- What you are asked to do
Beneath this instruction is a listing; print exactly the lines in it starting at the line that contains "Риет из икры трески" and going through the line that contains "Cyclopentaneacetic acid, 3-amino-, hydrochloride".

- Material shown
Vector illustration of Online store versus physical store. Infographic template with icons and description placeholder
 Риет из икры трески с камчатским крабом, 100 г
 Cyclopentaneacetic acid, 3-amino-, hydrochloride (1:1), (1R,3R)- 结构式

...

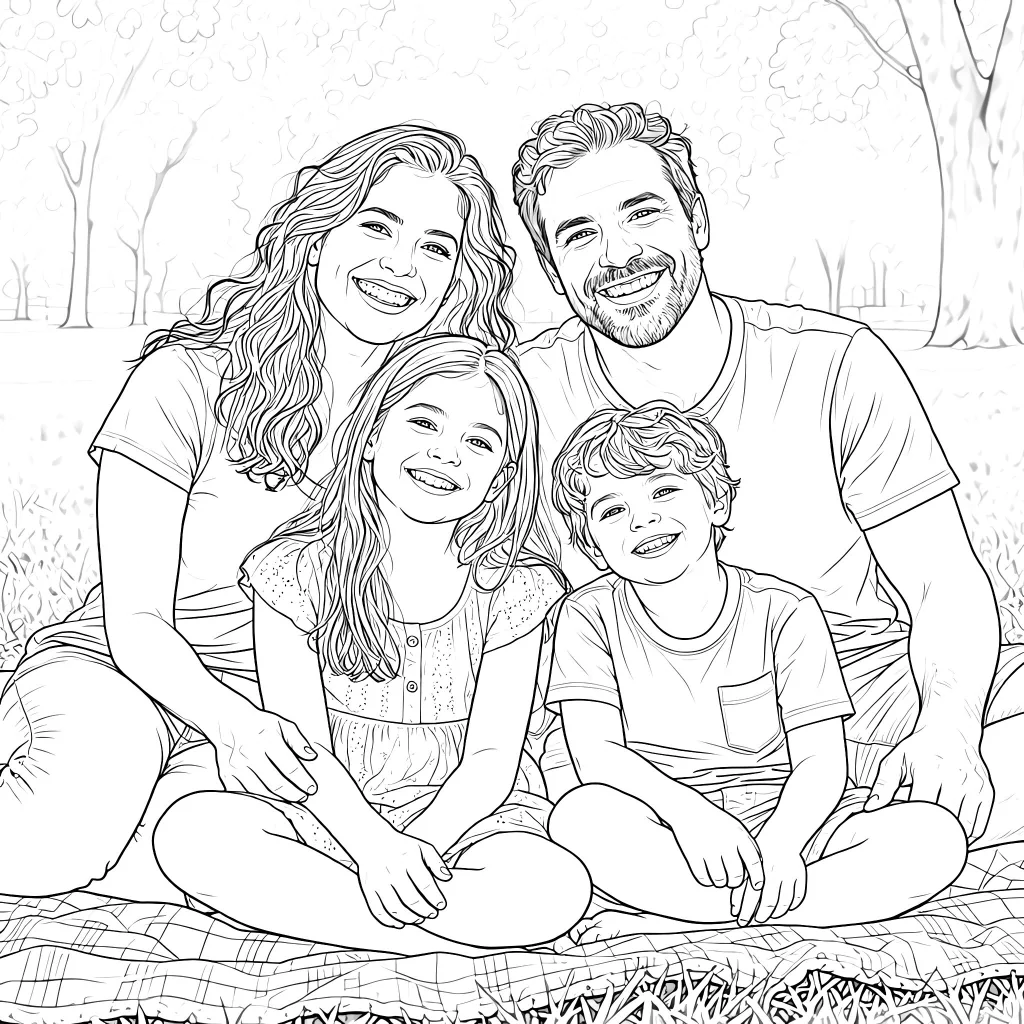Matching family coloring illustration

- Completed exercise
 Риет из икры трески с камчатским крабом, 100 г
 Cyclopentaneacetic acid, 3-amino-, hydrochloride (1:1), (1R,3R)- 结构式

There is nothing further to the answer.